De groei van het Europese windpark was in 2004 stabiel: het geïnstalleerd vermogen steeg met 5.678 MW (+19,7%), na een groei van 5.411 MW het jaar ervoor (+23,1%). Voor het eerst haalde Spanje Duitsland in op het gebied van nieuwe geïnstalleerde capaciteit: het Iberisch schiereiland breidde zijn vloot uit met 2.065 MW (+33%), vergeleken met 2.037 voor Duitsland (+14%). Laatstgenoemd land blijft desalniettemin ruimschoots aan de leiding in Europa, met 16.620 MW vermogen, tegen 8.263 voor zijn Spaanse uitdager. Frankrijk blijft ver verwijderd van deze twee leiders, met 386 MW, maar de groei van het park bereikte 52,6% in één jaar tijd.

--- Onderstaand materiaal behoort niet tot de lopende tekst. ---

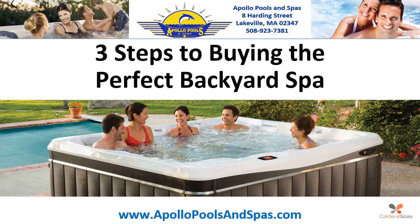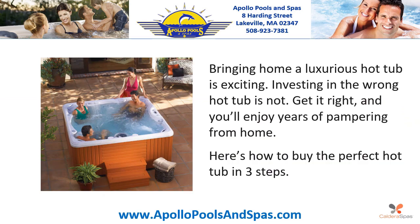Three Steps to Buying the Perfect Backyard Spa. Bringing home a luxurious hot tub is exciting — but investing in the wrong hot tub is not. Get it right and you'll enjoy years of pampering from home. Here's how to buy the perfect hot tub in three steps.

Tot slot tonen deze statistieken gepubliceerd door de European Wind Energy Association (EWEA) aan dat de tien nieuwe landen van de Europese Unie bijna geen windparken hebben, met een totaal vermogen van 132 MW.
Ecologische opmerking: Duitsland, de Europese leider in geïnstalleerde MW (16), heeft in feite het gemiddelde effectieve vermogen van slechts 000 MW, of ongeveer 3200 kernreactoren. Windturbines draaien namelijk maar 3/1 van de tijd op hun nominale vermogen.
Ter herinnering: Frankrijk heeft 57 reactoren om aan zijn behoeften te voldoen.